Start of Block
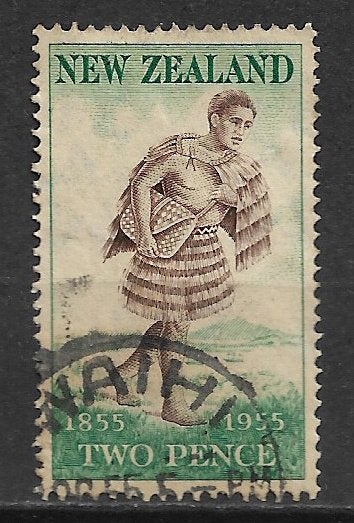 New Zealand 1955 100jr postzegels in Nieuw Zeeland, Ophalen of Verzenden, Gestempeld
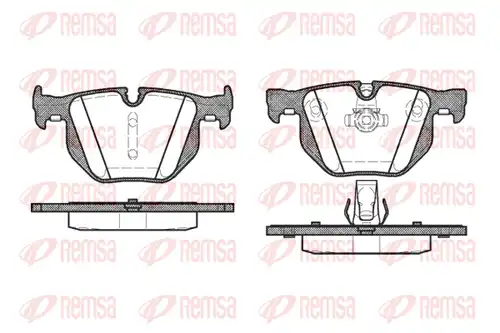 накладки REMSA 0381.60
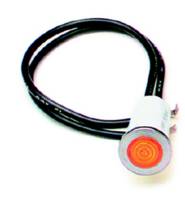 Painless Wiring - Painless Wiring 1/2in. Dash Indicator Light/Amber 80208 - Image 1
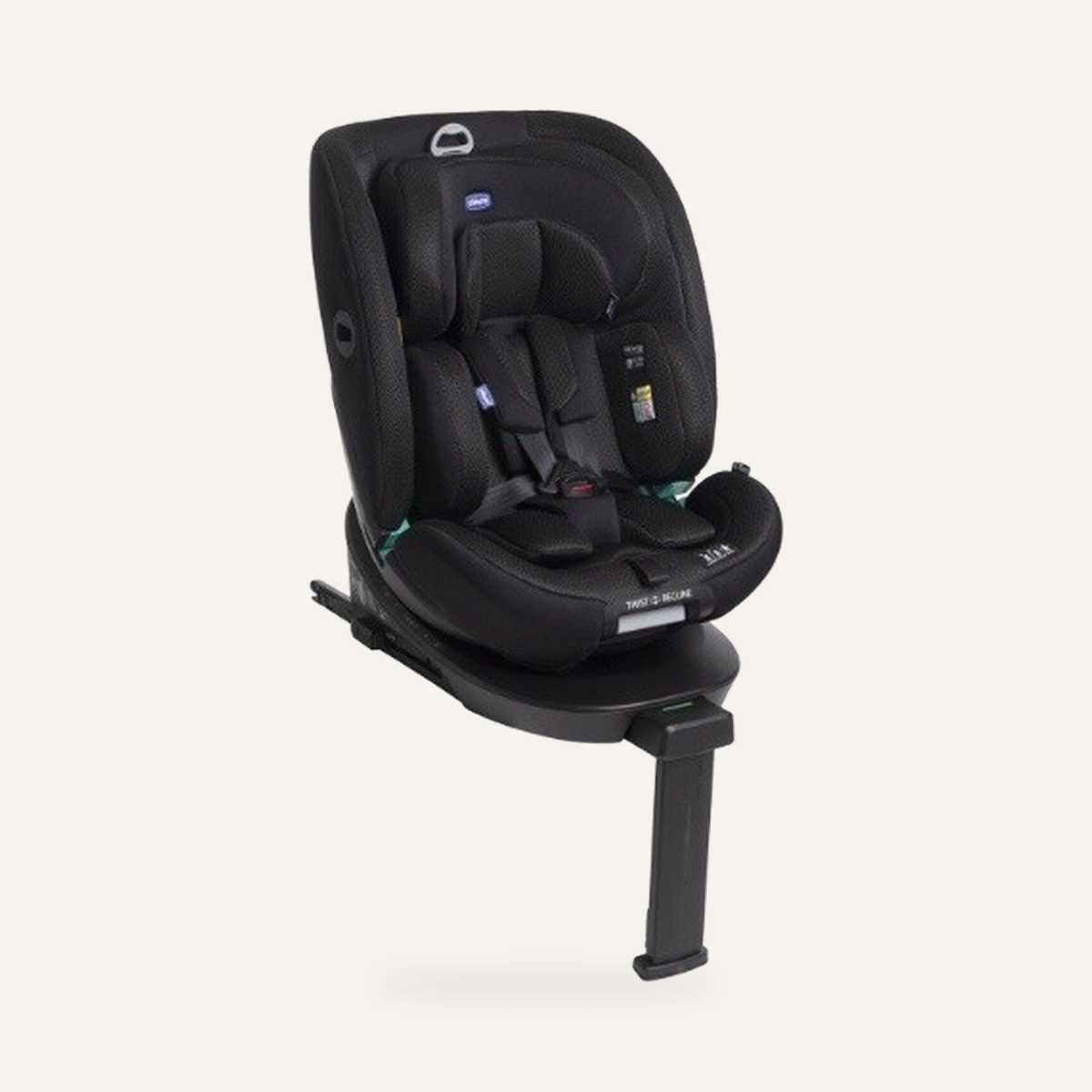 EVERONE I-SIZE CAR SEAT BLACK on warm beige background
End of Block
[How to complete this task]:
Restate the whole listing exactly as written, minus the pictures.

[Solution to this exercise]:
 New Zealand 1955 100jr postzegels in Nieuw Zeeland, Ophalen of Verzenden, Gestempeld
 накладки REMSA 0381.60
 Painless Wiring - Painless Wiring 1/2in. Dash Indicator Light/Amber 80208 - Image 1
 EVERONE I-SIZE CAR SEAT BLACK on warm beige background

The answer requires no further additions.